Decreased ipsilateral response intensity of motor map at 2 h after mTBI. Plots present changes in motor responses along the medial-lateral direction (A and B) and anterior-posterior direction (C and D). (A and B) Decreases in light-evoked EMG amplitudes of ipsilateral cortex at 2 h after mTBI (*p < 0.05, mean ± SEM, one-way ANOVA, Tukey's HSD; n = 7). (C and D) No significant differences in light-evoked EMG amplitudes of contralateral cortex at 12 h after mTBI (n = 7; mean ± SEM, one-way ANOVA). Horizontal axis in (A) and (C) presents medial-lateral positions, and vertical axis in (B) and (D) presents posterior-anterior positions. Red triangles in (B) and (D) represent position of bregma. ANOVA, analysis of variance; EMG, electromyogram; HSD, honestly significant difference; mTBI, mild traumatic brain injury; SEM, standard error of the mean. Color image is available online.

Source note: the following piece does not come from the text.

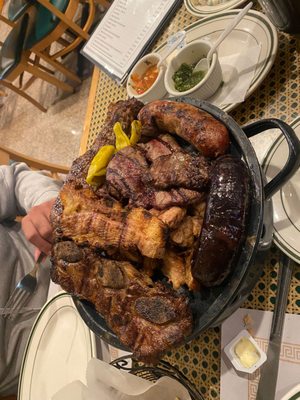 El Chivito D'Oro by null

Calcium imaging of green fluorescent-calmodulin proteins cortical slices revealed decreased ipsilateral calcium signals 2 h after mild traumatic brain injury

To determine whether loss of ipsilateral motor map after mTBI was attributable to reduced cortical neuronal excitability, we used calcium imaging to examine neuronal activity of cortical slices prepared in 2 h post-mTBI from the ipsilateral hemisphere of GCaMP6 transgenic mice. Calcium imaging of cortical slices were done in an ACSF containing 5 mM of potassium chloride to slightly promote neuronal activity for in vitro imaging. Comparing to the sham or contralateral cortex, neurons in cortical slices from injured brain usually showed single-, slower-, and lower-amplitude calcium transients (Fig. 4A). They had significantly lower average amplitude of calcium responses than those of sham animals (average ΔF/F amplitude 0.073 ± 0.015 vs. 0.120 ± 0.010 for 2 h after mTBI group and sham group, respectively; p < 0.05, one-way ANOVA; Fig. 4A,B). There was no significant change in peak amplitude on the contralateral cortex (Fig. 4A,B).

FIG. 4.

FIG. 4.

Ex vivo imaging of GCaMP6 cortical slices showed impairments of spontaneous calcium signals on the ipsilateral cortex 2 h after mTBI. (A) Examples of spontaneous calcium traces of cortical neurons at baseline and after injury. (B) There was a significant reduction in spontaneous calcium peak amplitude of neurons of the ipsilateral cortex, but no significant change in the contralateral cortex, at 2 h after mTBI. (C) There was a significant increase in spontaneous calcium peak duration of neurons of the ipsilateral cortex at 2 h after mTBI (n = 9 slices per group; *p < 0.05, mean ± SEM, one-way ANOVA, Turkey's HSD post hoc). (D) There were significant decreases in frequencies of spontaneous calcium events of neurons of ipsi- and contralateral cortices at 2 h after mTBI (n = 9 slices per group; *p < 0.05, mean ± SEM, one-way ANOVA, Turkey's HSD post hoc). (E) There was a significant increase in the undercurve area of calcium events of ipsilateral cortical neurons at 2 h after mTBI compared to sham (n = 9 slices per group; *p < 0.05, mean ± SEM, one-way ANOVA, Turkey's HSD post hoc). ANOVA, analysis of variance; EMG, electromyogram; GCaMP6, green fluorescent-calmodulin proteins; HSD, honestly significant difference; mTBI, mild traumatic brain injury; SEM, standard error of the mean. Color image is available online.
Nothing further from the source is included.